Restate verbatim the span of lines below between the line with "aniko banda business card" and the line with "Stone Multi Wrap Silver Lining/Gold", including those two lines, and only that span.

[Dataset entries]
**********

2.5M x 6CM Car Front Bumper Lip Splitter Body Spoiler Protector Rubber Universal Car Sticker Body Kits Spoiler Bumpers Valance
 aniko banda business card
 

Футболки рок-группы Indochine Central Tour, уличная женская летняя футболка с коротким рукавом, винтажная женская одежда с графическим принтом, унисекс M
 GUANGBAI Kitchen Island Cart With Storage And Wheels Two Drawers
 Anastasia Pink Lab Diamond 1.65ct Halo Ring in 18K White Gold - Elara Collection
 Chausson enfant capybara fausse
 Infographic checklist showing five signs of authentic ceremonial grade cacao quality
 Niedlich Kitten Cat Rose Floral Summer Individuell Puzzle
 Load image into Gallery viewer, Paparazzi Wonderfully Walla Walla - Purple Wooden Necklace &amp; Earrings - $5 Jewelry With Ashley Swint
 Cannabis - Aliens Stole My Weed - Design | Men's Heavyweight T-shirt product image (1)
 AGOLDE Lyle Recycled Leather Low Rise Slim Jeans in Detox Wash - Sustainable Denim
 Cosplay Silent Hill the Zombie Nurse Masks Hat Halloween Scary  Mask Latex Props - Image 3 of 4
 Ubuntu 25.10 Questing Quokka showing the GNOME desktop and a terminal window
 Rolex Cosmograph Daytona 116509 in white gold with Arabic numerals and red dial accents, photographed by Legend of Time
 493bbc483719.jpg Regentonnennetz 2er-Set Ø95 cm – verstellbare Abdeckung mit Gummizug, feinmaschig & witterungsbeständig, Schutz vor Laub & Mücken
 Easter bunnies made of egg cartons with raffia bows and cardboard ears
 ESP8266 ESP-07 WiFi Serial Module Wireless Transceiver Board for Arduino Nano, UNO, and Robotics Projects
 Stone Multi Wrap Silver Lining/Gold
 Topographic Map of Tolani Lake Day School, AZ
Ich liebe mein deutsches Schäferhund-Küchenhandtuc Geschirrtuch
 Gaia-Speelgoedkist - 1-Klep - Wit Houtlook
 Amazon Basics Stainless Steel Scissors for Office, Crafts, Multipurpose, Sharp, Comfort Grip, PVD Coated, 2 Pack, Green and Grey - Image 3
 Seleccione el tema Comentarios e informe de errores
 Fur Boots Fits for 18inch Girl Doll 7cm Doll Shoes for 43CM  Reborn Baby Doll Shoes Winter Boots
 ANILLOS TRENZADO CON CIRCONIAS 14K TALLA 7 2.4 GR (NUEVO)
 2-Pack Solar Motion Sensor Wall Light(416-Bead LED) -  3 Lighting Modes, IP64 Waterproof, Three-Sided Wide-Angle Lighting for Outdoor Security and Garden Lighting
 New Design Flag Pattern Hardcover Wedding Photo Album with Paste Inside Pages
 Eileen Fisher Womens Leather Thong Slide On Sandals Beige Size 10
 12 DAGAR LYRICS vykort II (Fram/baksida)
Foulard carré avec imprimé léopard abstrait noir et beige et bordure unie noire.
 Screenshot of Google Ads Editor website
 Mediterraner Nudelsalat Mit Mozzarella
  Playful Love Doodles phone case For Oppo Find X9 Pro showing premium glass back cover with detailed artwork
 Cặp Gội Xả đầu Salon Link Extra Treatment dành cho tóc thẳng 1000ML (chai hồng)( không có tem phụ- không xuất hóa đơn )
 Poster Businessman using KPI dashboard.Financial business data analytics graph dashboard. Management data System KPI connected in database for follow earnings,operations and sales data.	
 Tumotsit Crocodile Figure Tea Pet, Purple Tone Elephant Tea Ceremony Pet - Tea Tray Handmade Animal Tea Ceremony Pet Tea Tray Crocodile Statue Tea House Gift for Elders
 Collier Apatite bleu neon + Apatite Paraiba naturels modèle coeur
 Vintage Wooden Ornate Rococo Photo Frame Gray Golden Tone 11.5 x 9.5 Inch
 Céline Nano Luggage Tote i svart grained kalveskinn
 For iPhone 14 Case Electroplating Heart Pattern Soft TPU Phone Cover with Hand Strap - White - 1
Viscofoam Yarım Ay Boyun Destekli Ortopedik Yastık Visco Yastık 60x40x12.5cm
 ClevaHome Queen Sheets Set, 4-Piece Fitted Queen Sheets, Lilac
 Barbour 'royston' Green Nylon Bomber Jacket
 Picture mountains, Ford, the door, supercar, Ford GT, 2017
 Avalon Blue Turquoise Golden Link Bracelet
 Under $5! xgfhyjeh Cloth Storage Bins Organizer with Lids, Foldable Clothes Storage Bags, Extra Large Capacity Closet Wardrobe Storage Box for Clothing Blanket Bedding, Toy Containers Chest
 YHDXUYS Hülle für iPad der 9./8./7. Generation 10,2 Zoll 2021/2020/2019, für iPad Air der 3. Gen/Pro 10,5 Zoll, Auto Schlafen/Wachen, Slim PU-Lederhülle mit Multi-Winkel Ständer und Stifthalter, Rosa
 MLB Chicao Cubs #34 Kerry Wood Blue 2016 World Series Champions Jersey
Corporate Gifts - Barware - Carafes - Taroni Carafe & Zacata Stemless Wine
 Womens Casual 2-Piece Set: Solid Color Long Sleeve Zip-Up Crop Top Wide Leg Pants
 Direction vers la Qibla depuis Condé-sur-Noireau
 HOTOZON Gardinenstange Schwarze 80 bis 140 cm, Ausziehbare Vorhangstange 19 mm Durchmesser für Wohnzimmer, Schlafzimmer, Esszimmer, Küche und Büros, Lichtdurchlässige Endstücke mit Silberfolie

**********

▸ Solution to this exercise
 aniko banda business card
 

Футболки рок-группы Indochine Central Tour, уличная женская летняя футболка с коротким рукавом, винтажная женская одежда с графическим принтом, унисекс M
 GUANGBAI Kitchen Island Cart With Storage And Wheels Two Drawers
 Anastasia Pink Lab Diamond 1.65ct Halo Ring in 18K White Gold - Elara Collection
 Chausson enfant capybara fausse
 Infographic checklist showing five signs of authentic ceremonial grade cacao quality
 Niedlich Kitten Cat Rose Floral Summer Individuell Puzzle
 Load image into Gallery viewer, Paparazzi Wonderfully Walla Walla - Purple Wooden Necklace &amp; Earrings - $5 Jewelry With Ashley Swint
 Cannabis - Aliens Stole My Weed - Design | Men's Heavyweight T-shirt product image (1)
 AGOLDE Lyle Recycled Leather Low Rise Slim Jeans in Detox Wash - Sustainable Denim
 Cosplay Silent Hill the Zombie Nurse Masks Hat Halloween Scary  Mask Latex Props - Image 3 of 4
 Ubuntu 25.10 Questing Quokka showing the GNOME desktop and a terminal window
 Rolex Cosmograph Daytona 116509 in white gold with Arabic numerals and red dial accents, photographed by Legend of Time
 493bbc483719.jpg Regentonnennetz 2er-Set Ø95 cm – verstellbare Abdeckung mit Gummizug, feinmaschig & witterungsbeständig, Schutz vor Laub & Mücken
 Easter bunnies made of egg cartons with raffia bows and cardboard ears
 ESP8266 ESP-07 WiFi Serial Module Wireless Transceiver Board for Arduino Nano, UNO, and Robotics Projects
 Stone Multi Wrap Silver Lining/Gold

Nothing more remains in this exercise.